Avec la voix de Maurice Zundel qui nous permet d’entrer plus profondément dans le texte. Pour l’écoute, affichez immédiatement le texte complet en cliquant sur « lire la suite ».

Celui qui est envoyé

On vous a lu tout à l’heure cette immense épître de saint Paul. Pourquoi ? Pourquoi ? Pourquoi est-ce qu’on vous a lu cette immense épître de saint Paul ce matin ? Parce que ce dimanche, qui est le dimanche de la sexagésime à Rome, la messe avait lieu dans l’Église de Saint-Paul. C’est à cause de cela, pour faire honneur à saint Paul, qu’on lisait ce grand résumé de sa vie que vous venez d’entendre.

Qu’est-ce que c’est qu’un apôtre ? Qu’est-ce que ça veut dire le mot apôtre ? Qu’est-ce que ça veut dire ? « Envoyé », l’apôtre c’est celui qui est envoyé. Envoyé par qui ? Par Jésus, envoyé par Jésus. Pourquoi est-il envoyé par Jésus ? Pourquoi ? Comment ? …

« Pour le faire connaître. » C’est très bien.

Eh bien moi, il m’efface

Il y avait une petite fille. Elle avait 8 ans. Elle faisait sa première communion avec quelques petits garçons et quelques petites filles et ces enfants, après la Première Communion, parlaient entre eux. Ils croyaient que ils étaient seuls. Il n’y avait pas de grandes personnes avec eux. Il y avait pourtant quelqu’un qui écoutait. Alors, les enfants racontaient ce qu’ils avaient senti au moment de la première communion. Et les uns disaient : « Oh ! C’est le plus beau jour de ma vie. » Ils disaient ça comme ça, parce qu’ils avaient lu ça dans un livre ! « C’est le plus beau jour de ma vie. » Un autre disait : « Oh ! Moi, j’ai prié pour toutes les âmes du purgatoire ! » Il avait lu ça dans un livre ! Un autre disait : « Moi j’ai gagné une indulgence plénière ! » Il avait lu ça dans un livre.

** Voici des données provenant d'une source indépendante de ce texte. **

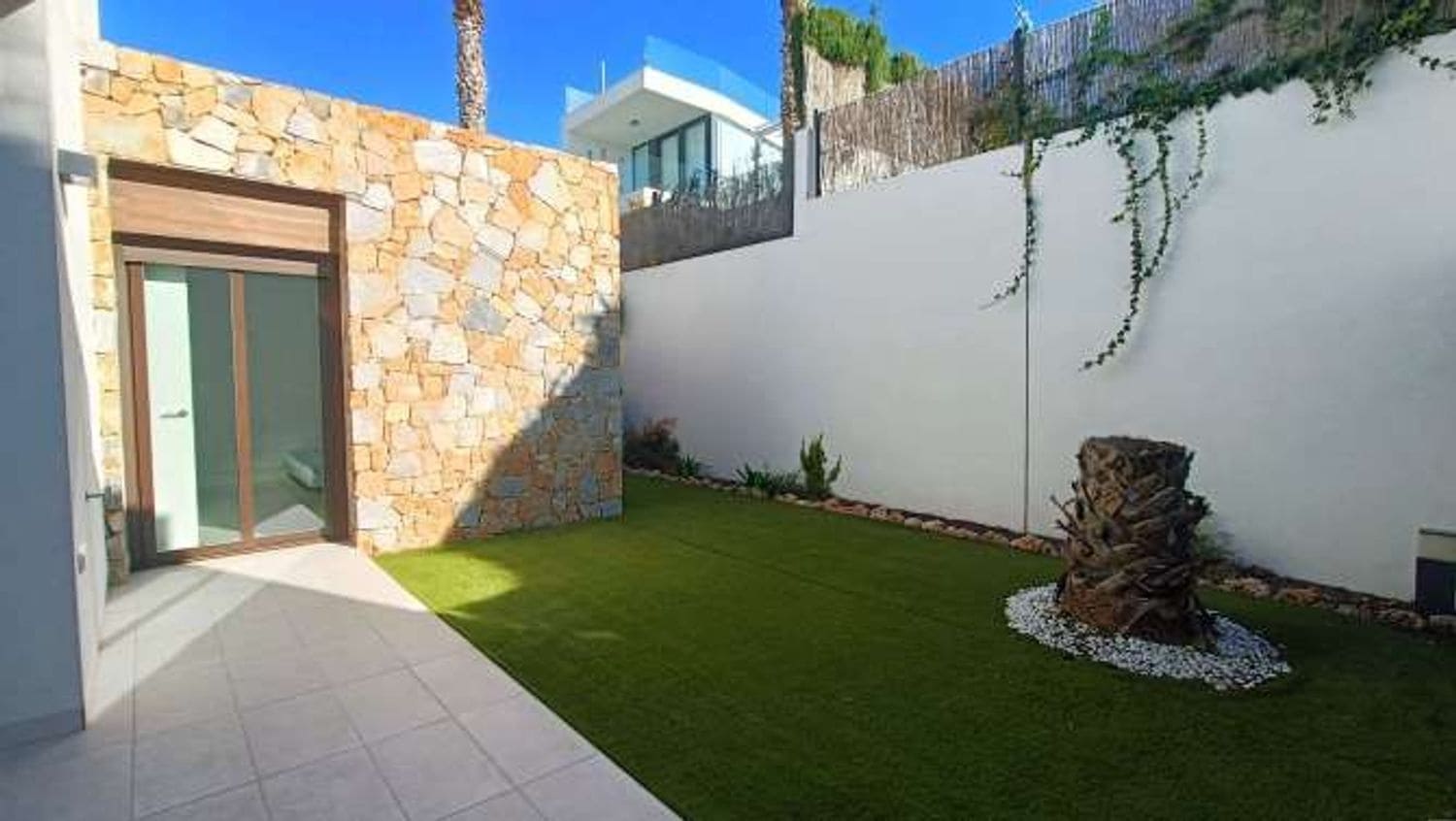 2 quarto Moradia para venda em Alicante cidade com piscina garagem - 359 500 € (Ref: 9751491)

Et la petite fille dont je vous parle, parce qu’elle, elle n’avait pas lu ça dans un livre, parce qu’elle avait vraiment communié, elle a dit ce mot – c’est un des plus beaux mots que je connaisse – elle a dit : « Eh bien moi, il m’efface ! » Il m’efface, c’est magnifique ! Qu’est-ce que ça voulait dire ? Il m’efface. Vous comprenez ce mot ? Qu’est-ce que ça veut dire ? Ça veut dire que Jésus avait pris toute la place – et voilà : la petite fille était pleine de cette Présence, de cette lumière et de cette joie.

Pourquoi est-ce que Jésus nous efface ? Il nous effacerait du moins, si nous étions vraiment chrétiens. Pourquoi est-ce que Jésus nous efface ? Pourquoi ? Quand un petit garçon ou une petite fille tape du pied en disant : « Moi, moi, moi, moi, moi ! », c’est intéressant ? Non. Alors pourquoi est-ce que Jésus nous efface ?

Là, il est vivant !

Il y avait une petite fille esquimau – Vous savez ce que c’est les esquimaux ? Où est-ce qu’ils vivent les esquimaux ?

« Près de la mer ! »

– Oui, mais quelle mer ? C’est la mer arctique ? Ils habitent dans les glaces. Ils ont des maisons qui sont cachées dans la neige. Alors, il y avait une mission, des missionnaires qui étaient allés chez les esquimaux et ils avaient parlé du petit Jésus. C’était avant Noël et ils avaient promis, les missionnaires, que, ils montreraient quelque chose de magnifique aux enfants sages. Et, quand vint la Fête de Noël, les missionnaires avaient naturellement fait une crèche et, dans cette crèche, ils avaient mis une magnifique poupée de la Samaritaine ou du Bon Marché. Ils s’imaginaient que les enfants allaient être émerveillés et, parmi les petits esquimaux, il y avait une petite fille qui avait bien écouté et, quand on l’a amenée devant la crèche et qu’elle a vu cette poupée, elle a été toute désappointée.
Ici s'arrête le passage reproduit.